In order to decrease the human life risk and to increase the performance of the overall procedure, autonomous ground, aerial or maritime vehicles are employed for executing the inspection tasks. As an example, for these applications it can be mentioned the power-line monitoring using autonomous mobile robots [3], bridge inspection [4], boiler power-plant 3D reconstruction [5], urban structure coverage [6], forest fire inspection [7], aerial manipulation [8] using UAVs, inspection of underwater structures in [9] by the utilization of autonomous underwater vehicles and cooperative sensing [10]. In most of these scenarios, there is an a priori knowledge about the infrastructure, while the 3D or 2D models are available or can be derived using CAD software.

Unmanned Aerial Vehicles (UAVs) equipped with remote sensing instrumentation are emerging in the last years due to their mechanical simplicity, agility, stability and outstanding autonomy in performing complex manoeuvres etc [11]. A variety of remote sensors such as visual sensors, lasers, sonar, thermal, etc. could be mounted, while the acquired information from the UAV’s mission can be analyzed and used to produce sparse or dense surface models, hazard maps, investigate access issues, and other area characteristics. However, the main problem in these approaches is to guarantee the full coverage of the area, a fundamental problem that is directly related to the autonomous path planning of the aerial vehicles.

This article demonstrates the novelty of an aerial sensor for the inspection of complex 3D structures with multiple agents. In this approach, the a priori coverage path is divided and assigned to each agent, based on the infrastructure architectural characteristics in order to reduce the inspection time. Furthermore, to guarantee a full coverage and a 3D reconstruction, the introduced path planning for each agent creates an overlapping visual inspection area, that will enable the off-line cooperative reconstruction. Based on the aforementioned state of the art, the major contribution stems from the direct demonstration of the applicability and feasibility of the overall cooperative coverage and inspection scheme with the UAVs for outdoors scenarios without the utilization of any external reference system, e.g. motion capture systems. This demonstration has a significant novelty and impact as an enabler for a continuation of research efforts towards the real-life aerial cooperative inspection of the aging infrastructure, a concept that has never been presented before to the authors best knowledge, in outdoor and with a real infrastructure as a test case. In the outdoors demonstrations, the UAVs have been autonomously operated based on odometry information from visual and inertial sensor fusion and without any other support on localization, which adds more complexity and impact on the acquired results. The image and pose data on board the platform were post processed to build a 3D representation of the structure.

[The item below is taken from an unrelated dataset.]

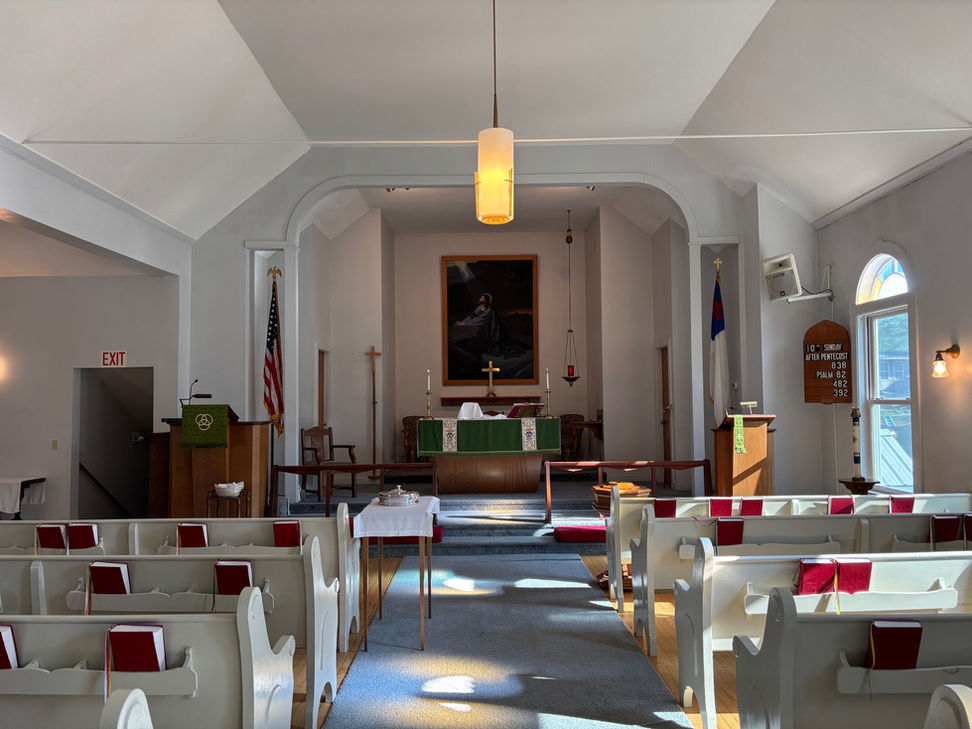 Interior view of a church with rows of pews and an altar visible.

The rest of the article is structured as follows. First a brief review on related works is presented in Sect. 2. Then the general formulation of the problem is described in Sect. 3. Later on, the proposed method is presented in Sect. 4, which follows with a brief description on the 3D reconstruction from multiple agents. In Sects. 5 and 6 the hardware for autonomous navigation and multiple simulation and experimental results are presented respectively. Finally the article concludes in Sect. 7.

2 Related Work

Navigation of multi-agent systems for infrastructure inspection, is an area of increasing interest both from a research, as well as an application viewpoint. In recent years, multiple approaches have been proposed regarding obstacle free path generation for robotic platforms. The application of potential field-based methods has been explored [12, 13] as a promising research direction for such algorithms. Coverage Path Planning (CPP) is the task of determining a path that passes over all points of an area or volume of interest while avoiding obstacles [14]. The task of coverage is fundamental in many robotic applications, such as, visual inspection of complex structure [15], painter robots [16], wall climbing robots for inspection [17], inspection of complex underwater structures [18], vacuum cleaning robots [19], etc. In [14] a complete survey was presented on CPP methods in 2D and 3D. This article is mainly focused on the application of CPP in aerial robotics for infrastructure inspection, providing simultaneously the required theoretical background.

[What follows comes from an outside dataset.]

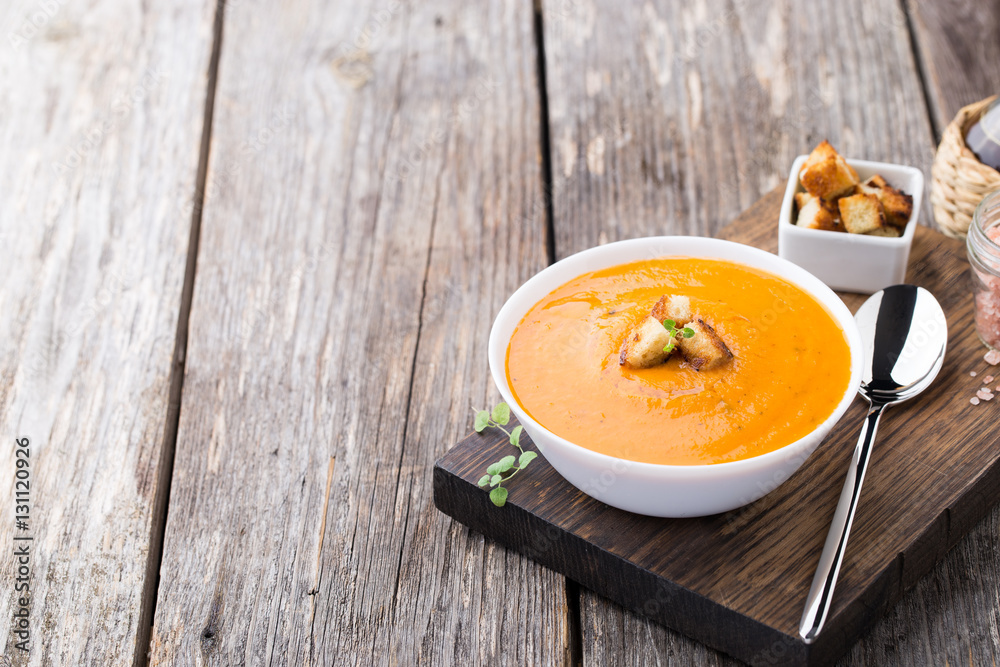 Pumpkin carrot soup on wooden background Pumpkin carrot soup on wooden background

The task of CPP has received significant attention over the last years in the different application scenarios, however still there are limited CPP approaches in the case of aerial robotics and fewer approaches that addressed coverage of 3D spaces [20]. Especially in the case that the CPP concept is extended in the Collaborative approach (C-CPP), by the utilization of multiple aerial agents, instead of a single one, the overall coverage time has the potential to be dramatically reduced, while it can be achieved realistically by multiple UAVs, when taken under consideration the flying times and the levels of autonomy. Thus, inspired by this vision, the main objective of this article is to establish a C-CPP method that is based on an a priori knowledge of the infrastructure (e.g. a CAD model) and it will have the ability to generate proper way points by considering multiple agents, while ensuring full coverage and the overall collision avoidance among the flying agents. As it will be presented, the proposed novel scheme will create a sub-coverage path planning for cooperative inspection of the whole infrastructure, while having the capability to detect branches of complicated infrastructures, which can be assigned to different agents. In the sequel, supplementary, 3D reconstruction routines can be performed to provide an updated 3D mesh of the structure by using either the monocular or the stereo cameras.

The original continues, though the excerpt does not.